Horton should have one two-word response to actor Rob Lowe and his wife, Sheryl Berkoff: I’m sorry.

In a year when politicians seem to think crass is cool, Horton embarrassed himself and the constitutional office he holds as an elected Board of Equalization member by asking Lowe and Berkoff in a private meeting whether they had “Jewed down” contractors who had built their house.

In an email reported first by Bloomberg BNA, Lowe explained: “Appalled, we asked him to explain his comment. He doubled down, saying, ‘C’mon. You know what I’m saying. Did you Jew them down? You must have.’ ”

The Los Angeles-area Democrat invoked a term that is at once an example of casual anti-Semitism and reflective of ancient prejudices toward one ethnic group. Horton should have known better, having spent 20 years in public life, first as an Inglewood City Council member and later in the Assembly. Clearly, he doesn’t.

But it gets better:California tax official got $130,000 worth of office furniture,” the Bee reported last week:

Last fall, more than $118,000 of designer furniture rolled into to a new downtown Sacramento high-rise office suite for Jerome Horton.

Then the chairman of the tax-collecting Board of Equalization, Horton had moved operations a few months earlier from the ninth floor of U.S. Bank Tower to its 21st floor. The new space offers a stunning view of the Statehouse and grounds out his office window, 300 feet above Capitol Mall. Some board staff privately call the office “Jerome’s aquarium” for its conference room’s floor-to-ceiling glass walls embossed with the agency’s seal.

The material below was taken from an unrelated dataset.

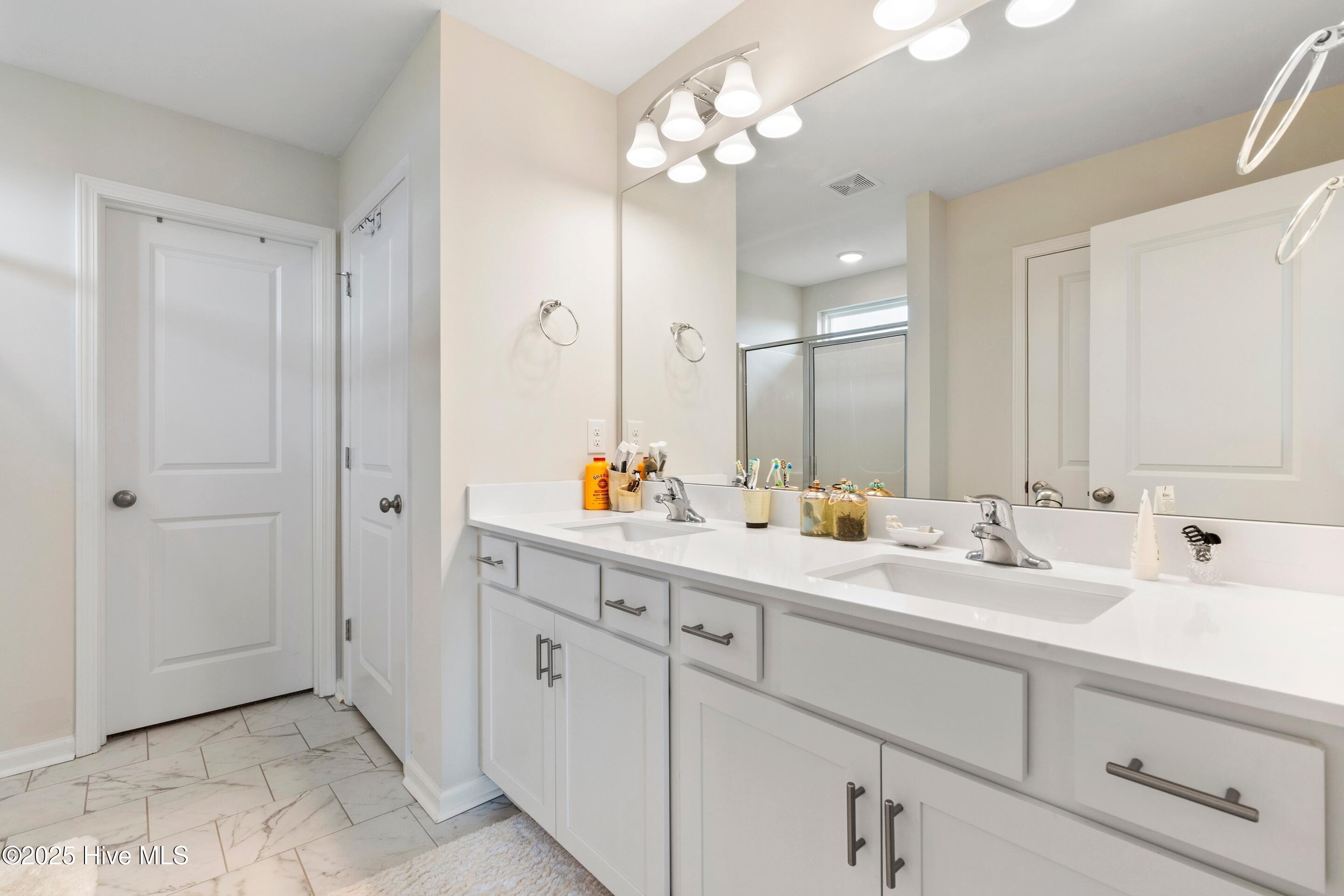 100527071 | Photo 33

Horton’s new furniture, some of it stashed away unused in another building as of last week, reflected the office upgrade.

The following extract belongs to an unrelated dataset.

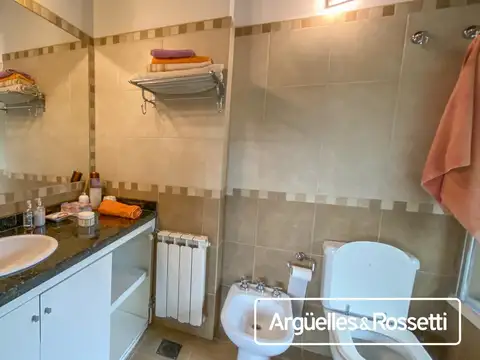 Casa 5 ambientes con 3 baños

According to purchase records obtained by The Sacramento Bee, more than 150 items on one invoice from Sacramento-based Miles Treaster & Associates included 24 white-leather-and-walnut chairs ($1,172 each), a matching couch ($2,267) and 21 wall-mounted cabinets with frosted-glass doors and “grooved edge top-silver undertrim” ($11,248 total). A separate invoice listed, among other items, eight satin-finish metal coat racks for $88 each and one “Blomus Symbolo Umbrella Stand (Stainless Steel, 20” tall)” for $115.

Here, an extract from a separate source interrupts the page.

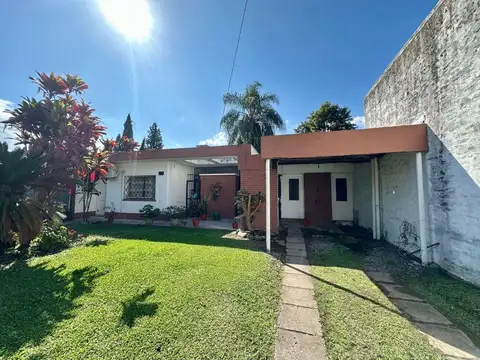 Casa en Venta con 2 cocheras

With delivery and installation of $12,000, taxpayers spent slightly more than $130,000 to outfit Horton’s office.

Related: “SBOE Chair Jerome Horton (D) has reported $731,835 in donations by organizations at his request, with that money going mostly to or through nonprofit organizations tied to his wife, a Bloomberg BNA analysis found,” in a piece from December titled, “California Scheming? Funneled Donations Raise Ethics Queries.”

“And you’re working for no one but me,” as a wise Beatle once sang about his country’s tax collectors. That sounds like Horton’s motto as well.